Pedestrians in Connecticut and throughout the nation have always been vulnerable to injuries and death if they are hit by a motor vehicle. The number of vehicles on the road and the lack of protection that pedestrians have are factors in the damage that can be done. However, the prevalence of texting and driving and other distractions has increased the danger and number of accidents between a vehicle and a pedestrian.
Pedestrian deaths in Connecticut rose over the first half of 2016, even as attempts have been made to educate drivers on the risks of driving while distracted. There were 28 pedestrian deaths in 2016 over the first six months of the year.
This is an increase from 21 over the same time-period in 2015. This data comes from the Governors Highway Safety Administration (GHSA). Across the country, national, state and local governments are trying to emphasize the jeopardy pedestrians are placed in because of distracted drivers.
Law enforcement in Connecticut is trying to tamp down on the number of people who are driving while distracted by issuing citations and through campaigns explaining the dangers. Other states have experienced a greater rise in the number of pedestrians who died in a car accident indicating that the problem is a national epidemic. It is believed that there will be a 11 percent increase in pedestrian deaths in 2016 compared to the year before.

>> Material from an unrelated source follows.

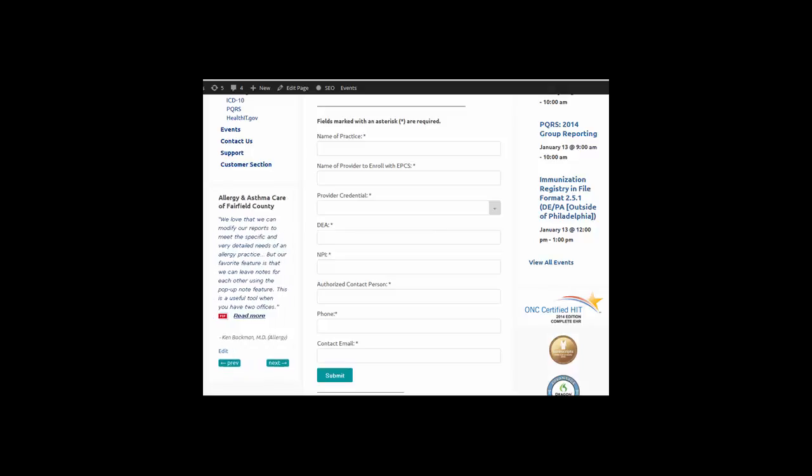Once the information is entered, click the Submit button. You'll need to repeat this process for each provider in your practice.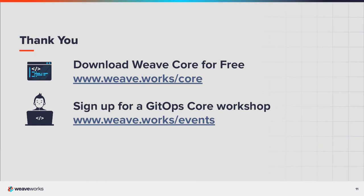Thank you for watching. Visit our website to find out more about Weave GitOps and download a copy. We regularly hold hands-on labs. Sign up online.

Pedestrians might be under the impression that leaving the car at home accords them greater safety, helps them save money and is a smart way to get exercise. These are all true. But, the number of drivers who are choosing to get behind the wheel and text or use their smartphones, while simultaneously operating a car is increasing. It is believed there is a direct connection between the two issues.
When a car hits a person, there will be medical expenses, the potential for permanent damage and even death. Those who have been affected by a car wreck as a pedestrian or have lost a loved one must be aware of the alternatives to seek compensation with help from a qualified legal professional.